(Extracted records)
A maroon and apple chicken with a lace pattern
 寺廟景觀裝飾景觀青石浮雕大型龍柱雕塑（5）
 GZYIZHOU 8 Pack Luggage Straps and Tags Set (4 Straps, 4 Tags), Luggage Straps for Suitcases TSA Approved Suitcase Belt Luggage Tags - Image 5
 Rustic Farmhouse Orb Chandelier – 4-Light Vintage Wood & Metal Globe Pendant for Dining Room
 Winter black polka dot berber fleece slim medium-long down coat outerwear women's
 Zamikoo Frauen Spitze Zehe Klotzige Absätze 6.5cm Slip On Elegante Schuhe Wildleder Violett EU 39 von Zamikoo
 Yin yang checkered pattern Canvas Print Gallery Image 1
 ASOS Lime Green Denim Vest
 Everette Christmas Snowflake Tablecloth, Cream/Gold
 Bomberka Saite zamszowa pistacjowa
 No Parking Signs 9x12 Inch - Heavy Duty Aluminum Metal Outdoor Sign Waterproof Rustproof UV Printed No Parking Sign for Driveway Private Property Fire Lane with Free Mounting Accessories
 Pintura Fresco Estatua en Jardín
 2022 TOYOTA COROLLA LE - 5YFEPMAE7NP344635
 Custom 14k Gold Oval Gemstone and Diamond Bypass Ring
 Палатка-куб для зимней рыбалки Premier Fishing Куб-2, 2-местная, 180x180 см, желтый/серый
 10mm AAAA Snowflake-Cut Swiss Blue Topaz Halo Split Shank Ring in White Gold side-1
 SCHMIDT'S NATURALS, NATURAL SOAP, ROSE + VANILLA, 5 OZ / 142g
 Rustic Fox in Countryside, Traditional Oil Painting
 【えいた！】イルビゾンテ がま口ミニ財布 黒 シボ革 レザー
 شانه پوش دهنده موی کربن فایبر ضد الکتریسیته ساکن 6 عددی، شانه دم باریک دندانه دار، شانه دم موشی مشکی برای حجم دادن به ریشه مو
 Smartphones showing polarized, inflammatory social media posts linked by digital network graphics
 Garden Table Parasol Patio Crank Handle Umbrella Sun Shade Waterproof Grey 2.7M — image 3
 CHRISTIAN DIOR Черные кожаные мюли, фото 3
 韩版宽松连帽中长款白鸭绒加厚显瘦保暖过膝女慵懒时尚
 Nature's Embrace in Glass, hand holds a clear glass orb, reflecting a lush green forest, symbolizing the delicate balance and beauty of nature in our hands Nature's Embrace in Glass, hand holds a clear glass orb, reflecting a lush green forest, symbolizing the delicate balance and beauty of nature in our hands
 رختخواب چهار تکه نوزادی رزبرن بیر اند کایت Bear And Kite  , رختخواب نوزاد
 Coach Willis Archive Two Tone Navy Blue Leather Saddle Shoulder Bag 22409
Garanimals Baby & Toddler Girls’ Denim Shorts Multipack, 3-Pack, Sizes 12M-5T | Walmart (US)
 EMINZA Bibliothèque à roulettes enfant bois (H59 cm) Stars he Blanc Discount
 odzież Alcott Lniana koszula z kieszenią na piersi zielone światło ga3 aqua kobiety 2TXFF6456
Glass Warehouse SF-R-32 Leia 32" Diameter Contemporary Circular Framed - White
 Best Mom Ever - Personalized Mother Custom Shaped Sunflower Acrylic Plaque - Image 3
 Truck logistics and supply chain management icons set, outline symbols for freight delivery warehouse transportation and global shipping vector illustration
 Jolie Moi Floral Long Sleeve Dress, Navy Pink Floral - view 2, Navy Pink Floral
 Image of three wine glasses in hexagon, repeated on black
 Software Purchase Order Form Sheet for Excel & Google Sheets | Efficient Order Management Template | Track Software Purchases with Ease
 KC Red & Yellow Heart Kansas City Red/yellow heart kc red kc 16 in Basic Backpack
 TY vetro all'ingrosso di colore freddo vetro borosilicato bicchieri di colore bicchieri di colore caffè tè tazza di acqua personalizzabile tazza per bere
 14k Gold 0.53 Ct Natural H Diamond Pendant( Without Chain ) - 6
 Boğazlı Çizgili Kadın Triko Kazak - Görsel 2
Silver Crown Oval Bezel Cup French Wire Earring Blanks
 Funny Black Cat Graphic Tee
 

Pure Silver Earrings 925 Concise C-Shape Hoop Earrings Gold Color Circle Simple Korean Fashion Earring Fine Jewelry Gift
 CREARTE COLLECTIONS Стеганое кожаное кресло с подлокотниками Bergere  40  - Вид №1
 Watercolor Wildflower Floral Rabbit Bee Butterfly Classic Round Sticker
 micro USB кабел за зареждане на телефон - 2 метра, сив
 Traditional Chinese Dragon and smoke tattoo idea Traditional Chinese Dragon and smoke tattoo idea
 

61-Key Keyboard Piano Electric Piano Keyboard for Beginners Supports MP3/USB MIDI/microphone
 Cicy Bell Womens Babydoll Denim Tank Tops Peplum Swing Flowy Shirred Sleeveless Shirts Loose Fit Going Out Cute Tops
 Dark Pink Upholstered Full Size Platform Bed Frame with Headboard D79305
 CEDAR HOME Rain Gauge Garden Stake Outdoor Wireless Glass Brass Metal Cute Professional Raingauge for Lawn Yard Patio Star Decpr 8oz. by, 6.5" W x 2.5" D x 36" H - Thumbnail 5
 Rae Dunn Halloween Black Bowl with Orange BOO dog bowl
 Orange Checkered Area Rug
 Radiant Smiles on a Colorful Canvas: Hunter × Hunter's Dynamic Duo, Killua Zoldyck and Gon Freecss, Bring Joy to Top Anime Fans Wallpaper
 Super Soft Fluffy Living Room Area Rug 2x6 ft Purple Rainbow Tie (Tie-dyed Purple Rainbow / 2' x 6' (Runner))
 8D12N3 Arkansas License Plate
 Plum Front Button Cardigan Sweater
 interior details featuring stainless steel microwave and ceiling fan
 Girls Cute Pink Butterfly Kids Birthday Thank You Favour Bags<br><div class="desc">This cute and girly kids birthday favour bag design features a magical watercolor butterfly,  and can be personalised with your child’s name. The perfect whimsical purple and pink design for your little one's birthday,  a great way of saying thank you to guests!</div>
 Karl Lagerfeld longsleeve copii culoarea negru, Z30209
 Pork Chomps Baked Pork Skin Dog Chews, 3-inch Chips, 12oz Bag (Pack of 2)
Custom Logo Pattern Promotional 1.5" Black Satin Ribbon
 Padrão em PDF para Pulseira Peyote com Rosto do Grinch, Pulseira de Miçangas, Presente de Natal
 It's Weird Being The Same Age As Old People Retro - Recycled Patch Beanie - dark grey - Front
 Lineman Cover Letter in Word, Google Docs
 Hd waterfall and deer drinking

- [WORK ITEM]: The answer must consist of each line from the data that includes the string "Patio".

- [ANSWER TO THIS PROBLEM]:
 Garden Table Parasol Patio Crank Handle Umbrella Sun Shade Waterproof Grey 2.7M — image 3
 CEDAR HOME Rain Gauge Garden Stake Outdoor Wireless Glass Brass Metal Cute Professional Raingauge for Lawn Yard Patio Star Decpr 8oz. by, 6.5" W x 2.5" D x 36" H - Thumbnail 5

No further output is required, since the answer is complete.